Extracted from his article “British and Muslim” by Shaykh Abdal Hakim Murad

The initial and quite understandable response of many newcomers (to Islam) is to become an absolutist. Everything going on among pious Muslims is angelic; everything outside the circle of the faith is demonic. The appeal of this outlook lies in its simplicity. The newly rearranged landscape upon which the convert looks is seen in satisfying black and white terms of: them versus us; good against evil.

This mindset is sometimes called convertitis. It is a common illness, which can make those who have caught it rather difficult to deal with. Fortunately, it almost always wears off. The only exceptions are those weak souls who imagine that the buzz of excitement caused by their absolutist, Manichean division of the world was a necessary part of Islamic piety, or even that it has some spiritual significance. Such people are often condemned to wander from faction to faction, always joining something new, in an attempt to regain the initial excitement engendered by their conversion.

Most new Muslims, however, soon see through this. A majority of people come to Islam for real spiritual or intellectual reasons, and will continue with their quest once they are inside Islam. Becoming Muslim is, after all, only the first step to felicity. Those individuals who adopt Islam because they need an identity will be condemned to wander the sectarian and factional hall of mirrors, constantly looking for the perfect group that will give them their desperately needed sense of speciality and superiority.

But actions are by intentions. A hundred years ago the founder of the Anglo-Muslim movement, Imam Abdullah Quilliam, in Liverpool, was writing that those British people who convert for Allah and His Messenger would, by the grace of God, be rightly guided. Those who convert for any other reason are in serious spiritual trouble. Just as the salah (i.e. prayer) is invisibly invalidated if the niyyah (i.e. intention) at its outset is not correct, similarly, Islam will not work for us unless we have entered it in faith, out of a sincere quest for God’s good pleasure. If things are not going right for us, if we find no delight in our prayers, if Ramadan simply makes us hungry, if we cannot seem to find the right mosque or the right company to take us forward, then we would do well to start by examining our intentions. Did we become Muslims only, and purely, to bring our souls to God? Other reasons: solidarity with the oppressed, admiration for Muslims we know, desire to join a group, the love of a woman – none of these are adequate foundations for our lives as Muslims deserving of Allah’s grace and guidance. Imam al-Qushayri says that spiritual aspirants are only deprived of attainment when they neglect the foundations. So we need to look within, and if necessary, renew our faith, following the Prophetic Sunnah. Renew your iman, a celebrated Hadith enjoins.

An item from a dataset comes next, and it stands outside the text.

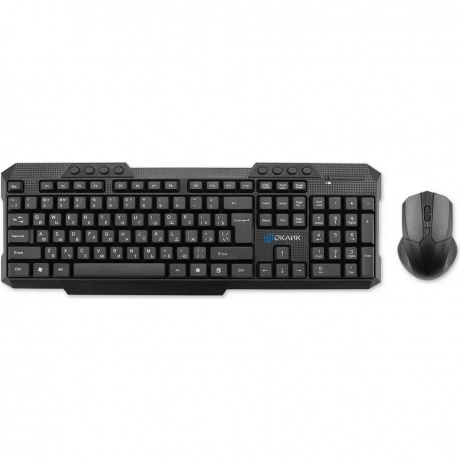Клавиатура + мышь Oklick 205MK черный (1546786)
Клавиатура + мышь Oklick 205MK черный (1546786)
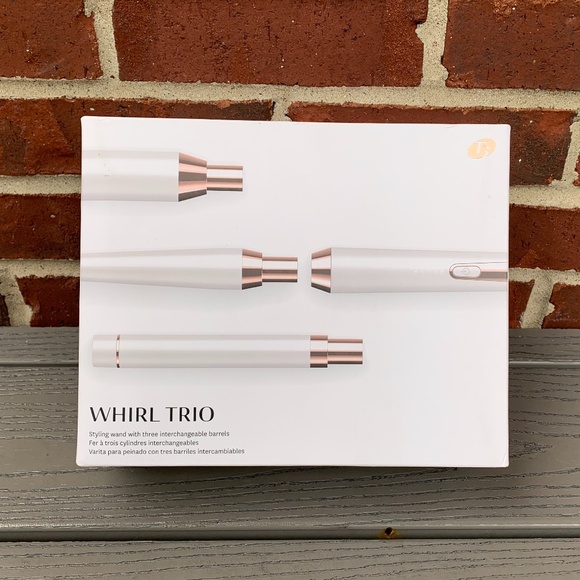 T3 Whirl Trio Interchangeable Curling Iron Set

So what are we? Statistically, perhaps, fifty thousand people. But once we have taken the plunge, and enjoyed the feel of Islam, and come to know through experience, rather than through reading books, that Islam is a way of sobriety, dignity, poise and rewarding spirituality, what exactly is our self-definition? When we meet family and friends who are not Muslim, how do we carry ourselves? Do we treat Islam as a great secret? A discreet eccentricity that we hope people will not be so crude as to mention? Or, on the contrary, something we wear on our sleeves, feeling that it is our duty constantly to steer the conversation back into sacred quarters, confronting people with Islam, that they might have no argument against us at the Resurrection?

More generally, what is our view of the wider world of unbelief, which, despite the breathless predictions of some of our co-religionists, continues to grow more powerful and more prosperous? How much of it can we affirm, and how much of it must we publicly or privately disown?

We can, of course, take the easy way out, and avoid engaging with these questions, by retreating from the mainstream of society, and consorting only with Muslims. But this is not so easy. We need to be employed, since this is pleasing to God; and we need to maintain good ties with our relations, since this is also enjoined in the Hadith. “Keep company with them both in the world in keeping with good custom”, (31:15) says the Qur’an to converts who have unbelieving parents. And the Hadith explains that non-Muslim parents have significant rights over their Muslim children.

But more significantly than this fact, to solve the problems thrown at us and at our identity by the real world outside the mosque gates, we need to engage regularly with non-Muslim society. But for this, there would be no effective d‘awah. People do not hear the word of Islam, generally, by being shouted at by some demagogue at Speakers Corner, or by reading some angry little pamphlet pushed into their hand by a wandering distributor of tracts. They convert through personal experience of Muslims. And this takes place, overwhelmingly, at the workplace. Other social contexts are closed to us: the pub, the beach, the office party. But work is a prime environment for being noticed, and judged, as Muslims.

There is nothing remotely new in this. Islam has always spread primarily through social interactions connected with work. The early Muslims who conquered half the world did not set up soapboxes in the town squares of Alexandria, Cordoba or Fez, in the hope that Christians would flock to them and hear their preaching. They did business with the Christians; and their nobility and integrity of conduct won the Christians over. That is the model followed by Muslims, particularly the Sufis, down the ages; and it is the one that we must retain today, by interacting honourably and respectfully with non-Muslims in our places of work, as much as we can.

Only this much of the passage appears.